Models with better performance can be generated by probe redundancy reduction with the MFS process. Several factors may contribute to this significance. First, the input for MFS are not all overlapping probes but probes with a sticker criterion which can minimize the random effect and improve the predictive power of signature, the reason behind this is that different DATs have different modeling factors, which contain randomicity and are evaluated by MAQC-II . Besides, during the feature selection process, numerous different statistical strategies have been applied for this purpose, but those features in a gene signature were purely selected based on statistical significances, some of them may not have any relation to the studied endpoint phenotype but somehow are correlated to the genes related to the endpoint. Those features may not have the positive contribution to the model performance but generate certain noise to interfere with the predictive ability. Our method can identify those genes and exclude them from the minimized features, eventually, lead to improve the predictive power.

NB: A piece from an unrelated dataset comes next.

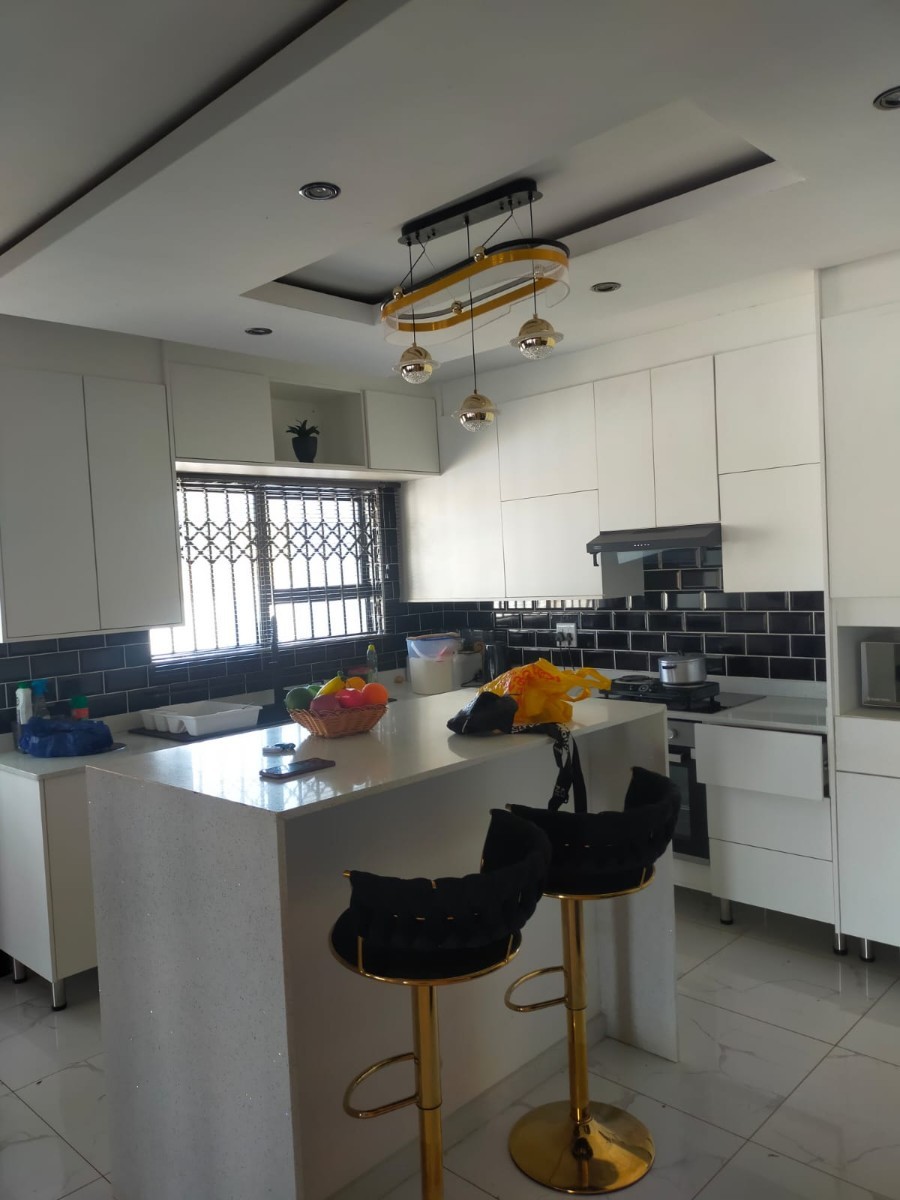 House For Sale in Mavhunda A, Thohoyandou Rural, Thohoyandou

MFS method generally reduces redundancies for features within gene signatures and improves the performance of the model (Table 2), which indicates the existence of consistency for the studying endpoint. Clinical applications will benefit from the gene signature reduction, since the reduced size of gene signature with similar or better performance can increase the efficiency and reduce cost. Meanwhile, most of the features remaining in the minimized gene signature tend to have a strong association with the disease and the application of those disease oriented features in diagnosis is more informative. To solve this problem, we use an MCC-robustness value (Methods) as a measurement for feature selection process and examine their biological functions through GO term analysis. However, the predictive power of newly-generated classifiers depends on the quality of training and validation datasets, as well as the collected features and the selected classification algorithm. A newly generated gene signature by MFS would never perform well if the performance of its input signatures is not good.
MFS could benefit the clinical applications of microarray technology in several ways. Firstly, it could improve the predictive power of signatures, which is a probable contribution to the implementation of personalized medicine; secondly, it minifies the number of probes in signatures, which can reduce cost for microarray's applications, and more important, it can avoid the weaknesses of large-size signatures: the insufficiency of sample, relevance among features, and the possible inaccuracy. Thirdly, the similarity analyses can disclose the consistency and diversity among signatures for a disease, which is related to the essential of the disease.